Smashed bottles littered the floor, a ceiling tile collapsed, and pools of alcohol were everywhere. It was, by all accounts, a scene of a wild party gone wrong.
From Rampage to Recovery
The adventure concluded on the morning of Saturday, November 29, 2025, when a store employee found the inebriated "trash panda" unconscious in the restroom. Animal Control Officer Samantha Martin was called to the scene.
"He fell through one of the ceiling tiles and went on a full-blown rampage, drinking everything," Martin told The Associated Press. She expressed a fondness for the animals, calling them "funny little critters."
The Hanover County Animal Protection and Shelter reported that the raccoon was taken to their facility to sleep it off. After a few hours of rest, the animal showed no signs of injury—aside from a probable hangover—and was released back into the wild.

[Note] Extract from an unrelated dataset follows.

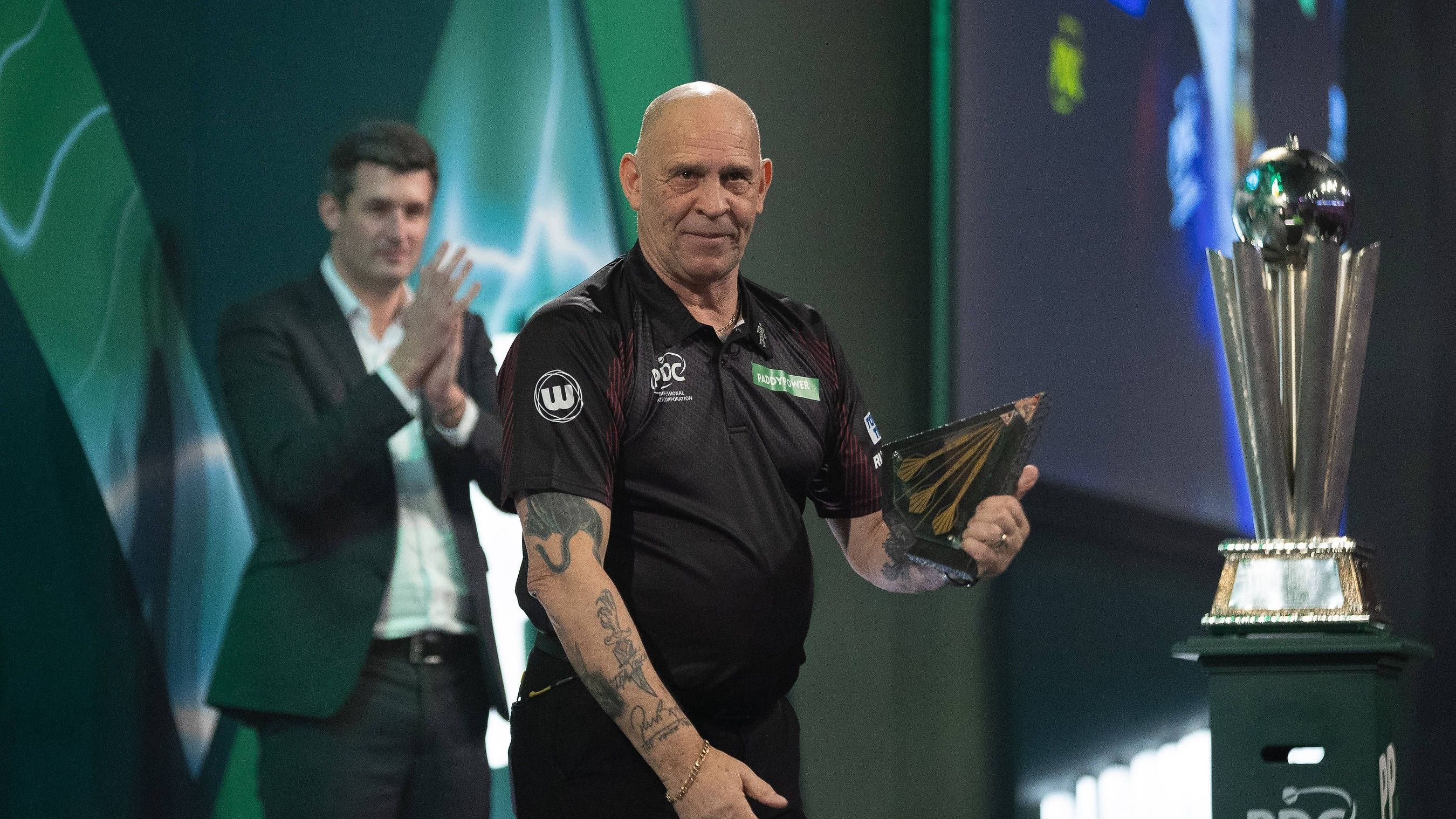 <strong>PDC Hall of Fame: Russ Bray</strong><br>Russ Bray war bei der kürzlich zuende gegangenen Darts-WM 2024 letztmals bei einem im Fernsehen übertragenen Match als Caller tätig. Er nahm an 28 Weltmeisterschaften teil. Die PDC Hat ihn nun in ihre Hall of Fame aufgenommen. <strong><em>ran</em></strong> zeigt, mit welchen Legenden sich Bray den Platz an der Sonne teilt.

The agency quipped in a statement, hopefully having learned that breaking and entering is not the answer.
Not the First Raccoon with a Taste for Trouble
This is not an isolated incident of raccoons finding themselves in boozy predicaments. In a separate event in Whitesburg, Kentucky, a nurse named Combs and her coworkers at the Letcher County Health Department noticed a distressed raccoon in their parking lot.
The commotion led them to a nearby dumpster, where the mother raccoon was desperately trying to rescue her two pups trapped inside. The location was next to a distillery, and Combs believed the babies had consumed fermented peaches from the dumpster.
Moved by the mother's frantic efforts, Combs helped rescue one of the baby raccoons, driven by what she described as a shared maternal instinct.
Officer Martin summed up the Virginia incident with a laugh, calling it just "another day in the life of an animal control officer."